Anyway, I'd rather spend $100 more for the 15-inch, non-"Retina" model. I appreciate the build quality of these laptops, and that offers the best bang for my buck. When the time comes, I can just swap out the HDD for an SSD at market price, not whatever inflated value Apple gives their SSDs. As for the "Retina" display, well, my boss has one on his MBP, and I don't really see much of a difference. Same with the latest iPad, but I haven't spent much time with that.

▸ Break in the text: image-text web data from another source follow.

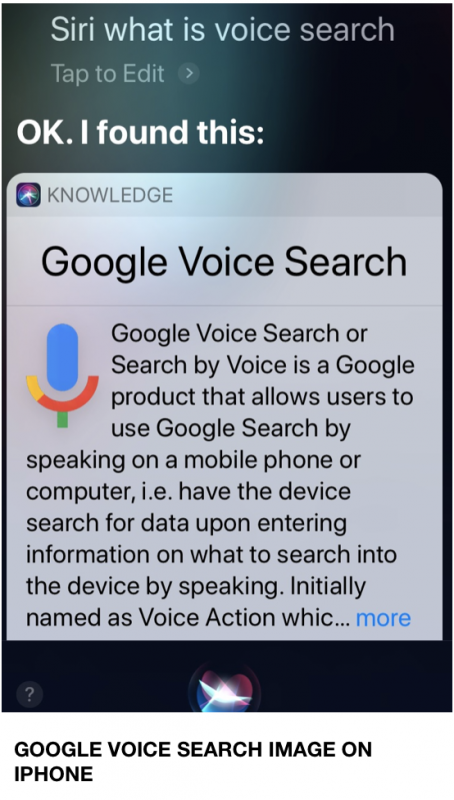 Voice Search on iPhone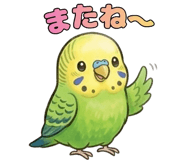 858800558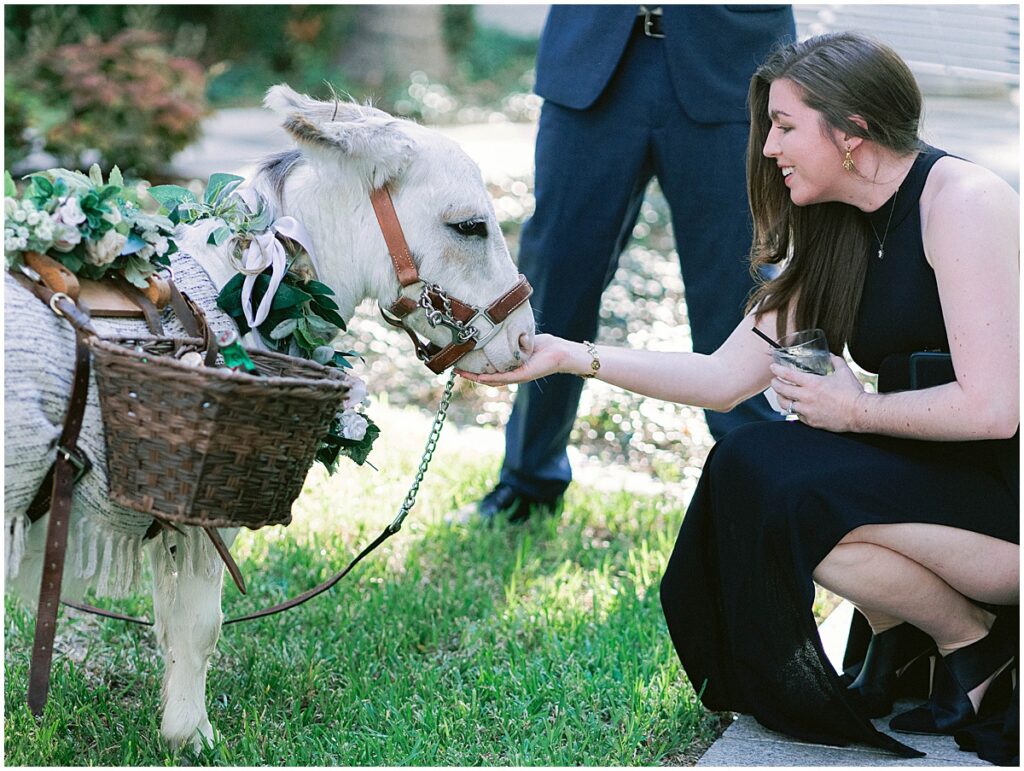 Guests feeding mule outside at Dallas Wedding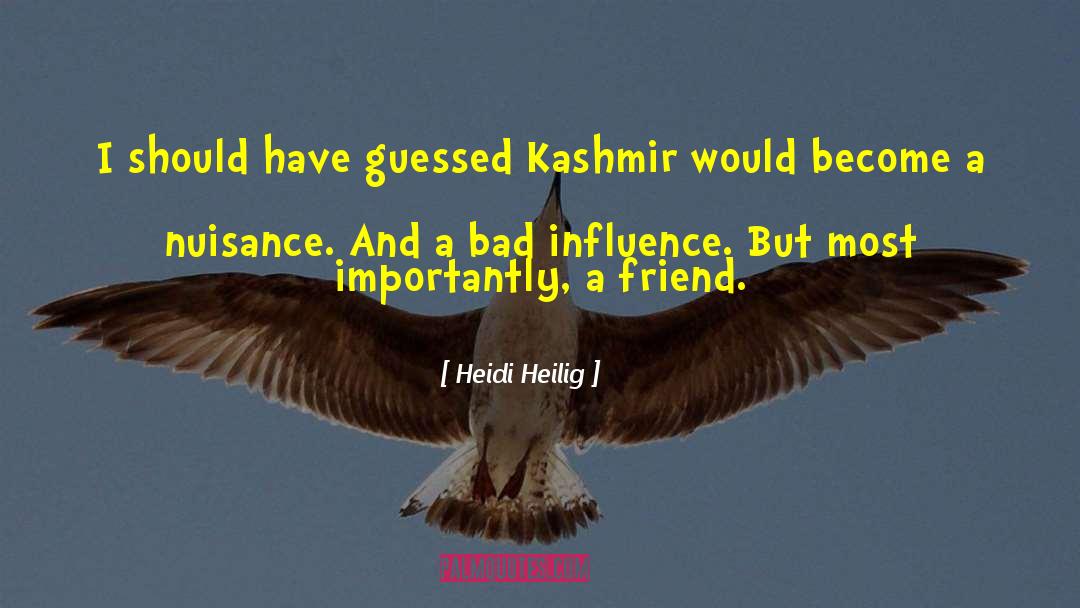 Heidi Heilig Quotes: I should have guessed Kashmir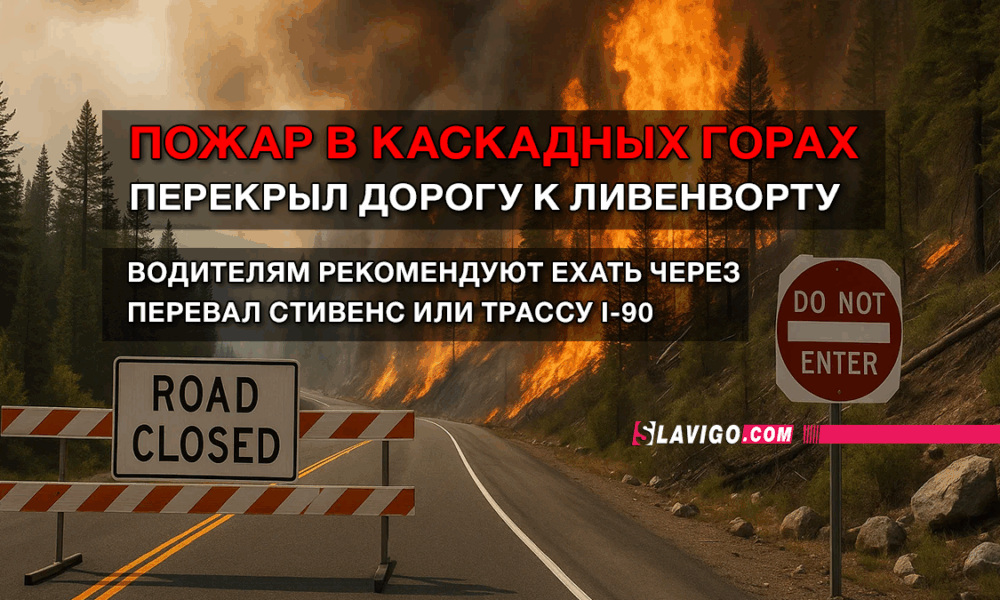 свежие новости сиетла только на slavigo.com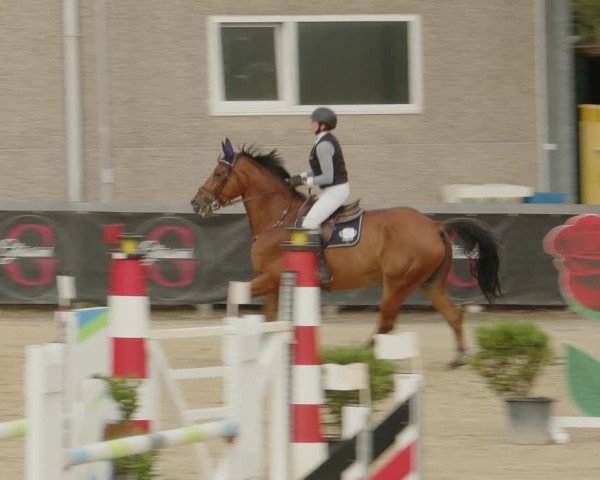 Reitturnier Kalenborn Hegehof 2024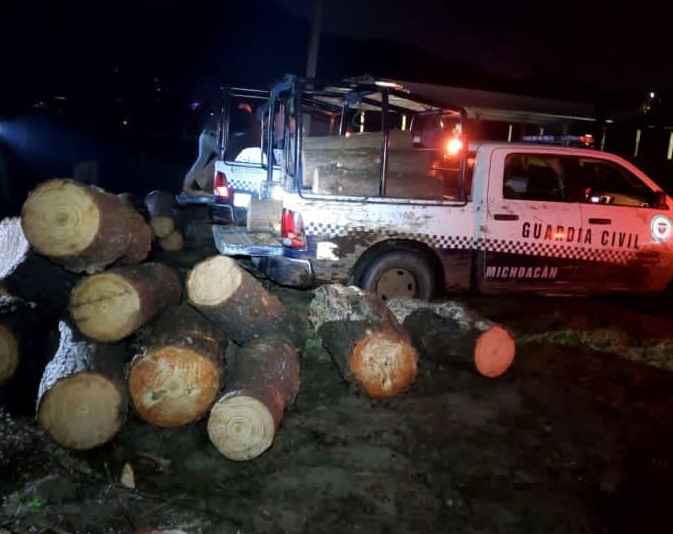 En Ocampo, GC asegura madera aparentemente ilegal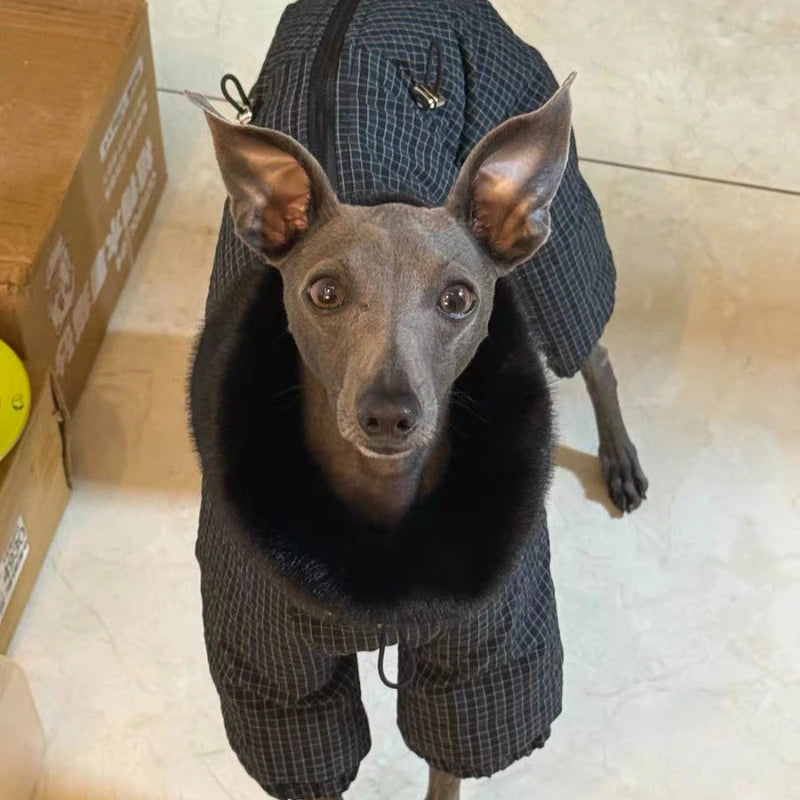 Fashion Down Coating Winter Clothes Warm and Windproof Ecological Cotton Clothes Italy Greyhound Pet Products Dog Onesie Leisure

I honestly think the 13" Retina MacBook Pro is NOT an investment. It doesn't have the Kepler/dual graphics like its 15" sibling, and such dense resolution is too awfully populated on a 13" screen. Kind of a let-down for its price, too. Don't get me started with the iPad mini and the sudden original iPad refresh. I had just bought an iPad 3rd-gen in July/August, and now I feel like I've been bamboozled (again!) by Apple. I like the iPad 4, but the iPad mini feels like another wasted investment. HOWEVER, to be optimistic, I can finally go to sleep peacefully without thinking about replacing my dying 2007 iMac with an expected-to-be-updated current iMac. Sure, the Mac mini is basically the same thing as before, but the iMac is 100% different than before (to me). What I question are the November and December release dates...
I think today was a grand slam. Stock is down because investors are "over-reading" the "100 million iPad" number as a disappointment. Also - some expected a lower price on the iPad Mini. Apple will prove all the doubters wrong.
Can you imagine being Steve Ballmer trying to intro the Surface RT and Windows 8 3 days from now? He doesn't have a shot in hell chance of selling his crippled Surface against an iPad 4, even with the keypad cover (too many 3rd party sellers of better keypad cases for iPads - with no need for the "kickstand").
And how long will it take MSFT to sell as many copies of Windows 8 to match Apple sales of its new OS? Months? Years?
Today, Apple showed its determination to own the desktop, laptop and tablet space...and with $6.5 billion paid out to app developers, the software-replacement market. No much space left for others in the +post-PC" world.
Apple can upsell anything. 200M devices upgraded to iOS6.. this isn't a headline bullet point. #1 this and that.. notice it doesn't say "Number 1 selling".. they are just calling it "#1" like Nelly. I think my sports team is "#1" too.. they are second to last in the real standings.
67% larger!? first you said it was 35%.. now its 67%? look at the picture.. anyone can see its roughly 30% larger. cmon apple.. how stupid do you think people are? Throwing made up numbers and people are supposed to just say "hooray" and move on?
Unfortunately we can't fact check most of what Apple says about internal sales. They say 100Million iPads and we believe them... well most of YOU believe them. I think they just pad the numbers to build hype
Like I said.. they drive up hype and that drives up sales.. they definitely make money.. but I question the numbers.. 100million ipads.. I'm guessing more like 60 million. Still making bank. But I think they shortsell their quantities.